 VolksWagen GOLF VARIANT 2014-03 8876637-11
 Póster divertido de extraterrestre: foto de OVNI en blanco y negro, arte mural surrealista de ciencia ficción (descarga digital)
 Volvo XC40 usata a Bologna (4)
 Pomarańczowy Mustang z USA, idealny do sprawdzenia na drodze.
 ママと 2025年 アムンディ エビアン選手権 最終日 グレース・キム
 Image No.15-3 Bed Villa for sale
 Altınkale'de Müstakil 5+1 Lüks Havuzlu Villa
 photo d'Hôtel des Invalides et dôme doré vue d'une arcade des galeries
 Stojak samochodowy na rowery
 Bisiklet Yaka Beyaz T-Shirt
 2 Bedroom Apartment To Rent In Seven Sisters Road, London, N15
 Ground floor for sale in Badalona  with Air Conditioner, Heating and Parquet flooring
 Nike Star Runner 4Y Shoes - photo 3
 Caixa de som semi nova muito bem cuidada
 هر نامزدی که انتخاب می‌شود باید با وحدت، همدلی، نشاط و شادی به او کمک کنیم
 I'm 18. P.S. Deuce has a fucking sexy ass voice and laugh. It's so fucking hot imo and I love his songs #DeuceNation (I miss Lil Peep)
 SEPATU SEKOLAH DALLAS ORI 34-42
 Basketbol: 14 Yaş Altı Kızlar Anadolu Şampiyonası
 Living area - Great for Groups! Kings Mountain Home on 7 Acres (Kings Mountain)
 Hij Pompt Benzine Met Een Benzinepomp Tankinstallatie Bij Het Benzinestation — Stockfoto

## Exercise description:
Can you repeat, word for word, every line above from the one containing "Póster divertido de" down to the one containing "Altınkale'de Müstakil 5+1 Lüks Havuzlu Villa", including both?

## Exercise result:
 Póster divertido de extraterrestre: foto de OVNI en blanco y negro, arte mural surrealista de ciencia ficción (descarga digital)
 Volvo XC40 usata a Bologna (4)
 Pomarańczowy Mustang z USA, idealny do sprawdzenia na drodze.
 ママと 2025年 アムンディ エビアン選手権 最終日 グレース・キム
 Image No.15-3 Bed Villa for sale
 Altınkale'de Müstakil 5+1 Lüks Havuzlu Villa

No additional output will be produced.